The usage of computer algebra is in its infancy in many fields but is likely to increase as the speed and practicability of computer generated analytical solutions improves. This paper discusses the use of computer algebra to solve ray-tracing problems in simple seismic reflection models. The classical two-point problem, of finding ray travel times as a function of source receiver distances for multi-layer models, does not have a complete explicit solution except in the simplest of cases or where unrealistic assumptions are made. Approximation methods have therefore been adopted to obtain numerical solutions. Such methods, however, have the disadvantage of sometimes requiring remodelling and recalculation if parameters are altered. If analytical solutions can be found, they could incorporate parameters of the model as variables and the expressions only need re-evaluation rather than a complete re-determination. The re-evaluation would be based on exact expressions and not on approximations such as are used now. Exact parametric solutions can be derived for three- dimensional models with multiple layers having different acoustic velocities, with reflections and refraction at interfaces according with Snell's Law.
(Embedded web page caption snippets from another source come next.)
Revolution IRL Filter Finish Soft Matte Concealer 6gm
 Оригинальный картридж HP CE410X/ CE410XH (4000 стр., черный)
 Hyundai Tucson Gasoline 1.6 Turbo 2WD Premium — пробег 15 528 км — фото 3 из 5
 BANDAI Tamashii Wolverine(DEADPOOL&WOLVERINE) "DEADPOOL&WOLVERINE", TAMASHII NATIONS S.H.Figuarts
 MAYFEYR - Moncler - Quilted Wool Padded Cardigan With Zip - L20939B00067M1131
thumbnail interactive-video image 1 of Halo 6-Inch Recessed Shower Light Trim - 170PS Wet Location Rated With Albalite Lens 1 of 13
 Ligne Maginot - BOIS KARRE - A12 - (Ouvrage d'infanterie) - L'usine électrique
These solutions have been generated using subroutines for the Maple computer algebra system which simulate three-dimensional ray tracing through acoustic media and for the interactions with interfaces. The solutions result in the generation of long expressions, which evidently could not be reasonably found by hand calculation. The symbolic solutions give travel time, ray position and ray direction as parametric equations using initial ray direction as the parameters. When a numerical receiver position is entered, travel time and ray-path solutions are returned by solution of the parametric equations. The subroutines are general and could be used to generate mathematical expressions for other simple earth models. For more complex models the analytical solutions may yield very long expressions. Geophysicists will find further applications for computer algebra packages for problems which are currently solved by numerical and approximate methods.